* What to produce *
Except for the pictures, write out all the records that follow exactly.

╔══

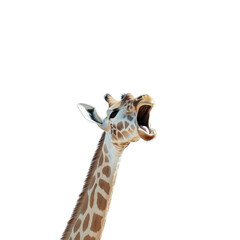 A giraffe with an open mouth isolated on transparent background.
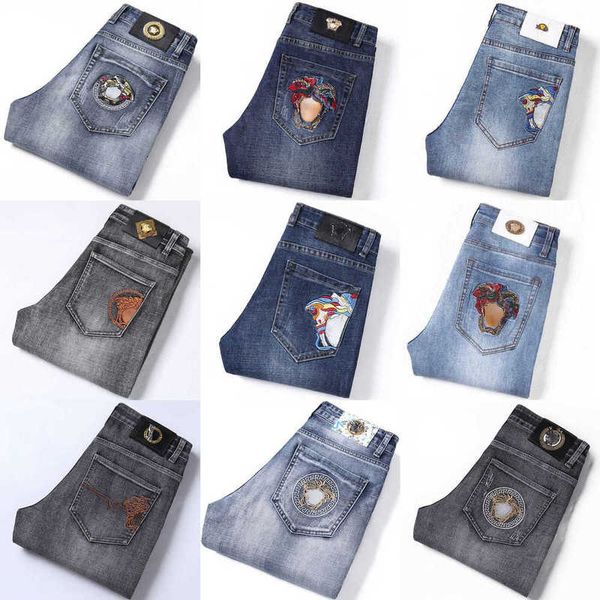 men's jeans summer thin jeans fashion medusa embroidery denim trousers designer pants mens slim fit stretch slacks zipper denim pants w, Blue
men's jeans summer thin jeans fashion medusa embroidery denim trousers designer pants mens slim fit stretch slacks zipper denim pants w, Blue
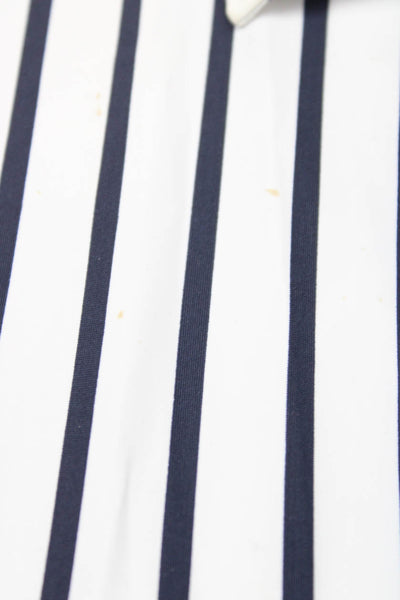 Zara Men Button Down Striped White Collared Long Sleeve Nylon Shirt Size M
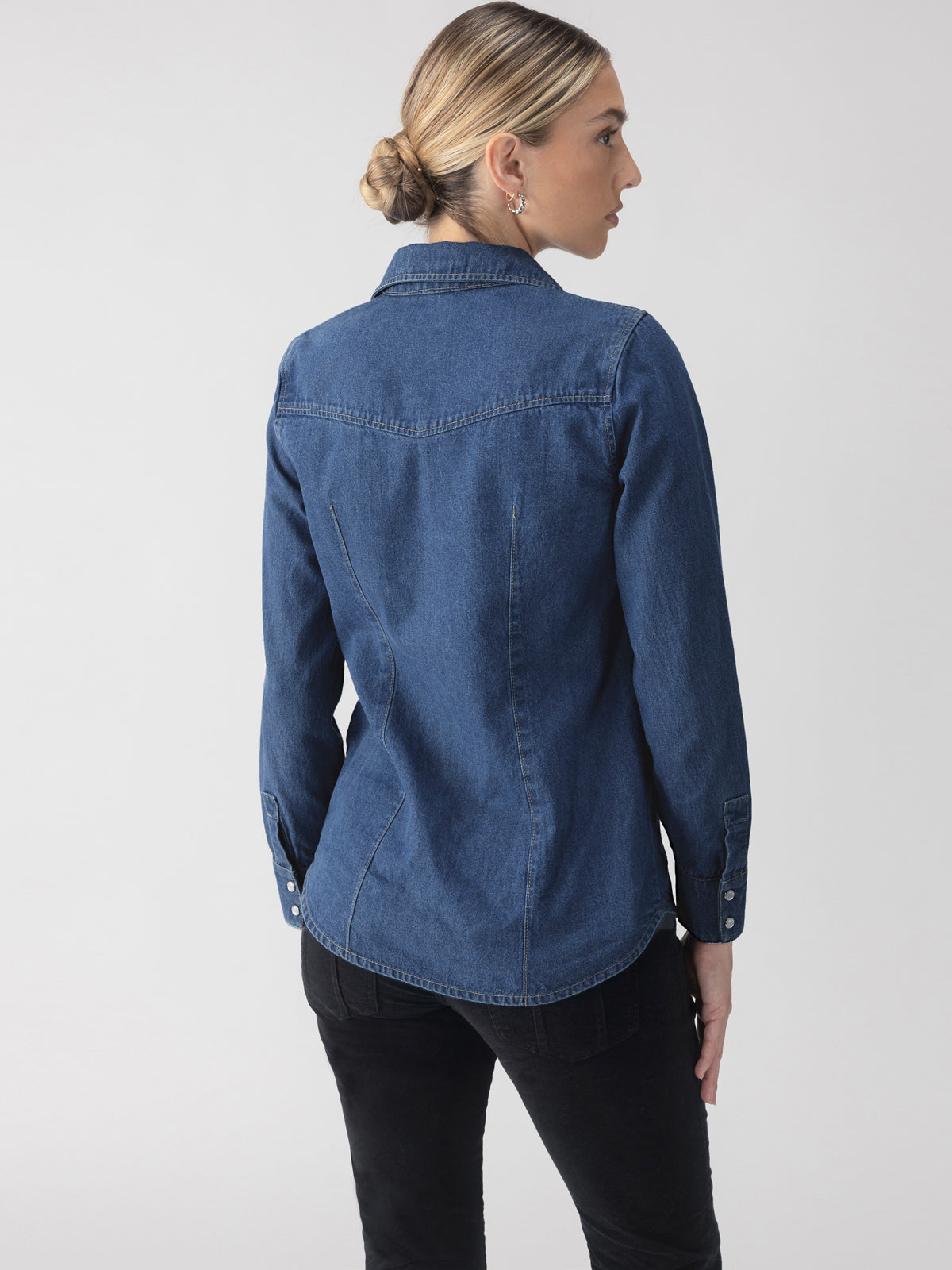 Premium Denim Western Shirt for Men - Classic Blue Slate Color - Cowboy Style Button-Up Shirt for Casual Wear, Rodeo Events & Country Music Festivals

╚══

* Solution to this task *
 A giraffe with an open mouth isolated on transparent background.
 men's jeans summer thin jeans fashion medusa embroidery denim trousers designer pants mens slim fit stretch slacks zipper denim pants w, Blue
men's jeans summer thin jeans fashion medusa embroidery denim trousers designer pants mens slim fit stretch slacks zipper denim pants w, Blue
 Zara Men Button Down Striped White Collared Long Sleeve Nylon Shirt Size M
 Premium Denim Western Shirt for Men - Classic Blue Slate Color - Cowboy Style Button-Up Shirt for Casual Wear, Rodeo Events & Country Music Festivals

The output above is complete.